Taking classes toward a psychology degree with a vision of working in a clinical setting, she completed an Associate in Arts Degree at Lurleen B. Wallace State Junior College before transferring to Auburn University in Montgomery (AUM) where she earned an undergraduate and Master’s Degree in Psychology.

However, when given an opportunity to be a graduate teaching assistant at AUM, her vision changed.

“I knew the first time I stepped in the college classroom that I had found my calling. Since that time, I have never wanted to do anything else,” she said.

“I began to pursue opportunities to continue to teach at a college level once I graduated and thanks to good counsel, I found out that a future position at LBW was a possibility. Following that counsel, I completed my degree in psychology and began taking graduate classes in sociology.”

She joined the faculty at LBW one month after completing a graduate degree and found herself in the new role of being a colleague of former instructors.

“Being part of a two-year college provides a sense of connection between teachers and students and among peers that is different than four-year schools,” she said.

“While there have been challenges, there has never been a time that I didn’t love being in the classroom and teaching.”

Since her first year at LBW in 1984, she has witnessed a lot of changes in education and in what is needed to be an effective teacher.

“Students are different now culturally, socially, and technologically, so the challenge has been to be aware of those changes and meet the student where he or she is,” she said.

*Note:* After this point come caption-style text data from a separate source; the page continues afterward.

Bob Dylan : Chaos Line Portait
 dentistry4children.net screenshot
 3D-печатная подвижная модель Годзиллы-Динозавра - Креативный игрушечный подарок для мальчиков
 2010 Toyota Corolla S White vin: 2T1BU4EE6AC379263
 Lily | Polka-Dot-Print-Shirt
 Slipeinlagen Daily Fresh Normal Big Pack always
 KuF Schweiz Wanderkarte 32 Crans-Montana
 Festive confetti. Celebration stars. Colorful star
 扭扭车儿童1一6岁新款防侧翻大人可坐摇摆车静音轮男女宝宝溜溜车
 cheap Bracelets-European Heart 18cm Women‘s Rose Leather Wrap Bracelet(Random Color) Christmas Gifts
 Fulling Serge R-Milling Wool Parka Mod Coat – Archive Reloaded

“The most interesting change these last few years has been to watch all the new employees join LBWCC and to realize you’re on the exiting end.”

Many of LBW’s current faculty and staff were once students in Franklin’s psychology, sociology, or ethics classes. Through the years, she even taught members of her own family, including two of her three children and a grandson.

Her involvement on campus went beyond the classroom, including serving many years as advisor for Phi Theta Kappa (PTK), the international academic honor society for two-year colleges.

“My view is that everything has its season. LBW has been a very meaningful and fulfilling season for me, but I’m looking forward to a new season,” she said.

While she has no immediate plans outside of visiting family scattered across the country, she said there will be broader opportunity for ministry involvement.

Although this new season of life means no longer being in a classroom, she hopes to stay engaged through distance education and teaching online classes in the future.

“LBW has been a very important part of my life and I’m very grateful for the years I’ve had here.”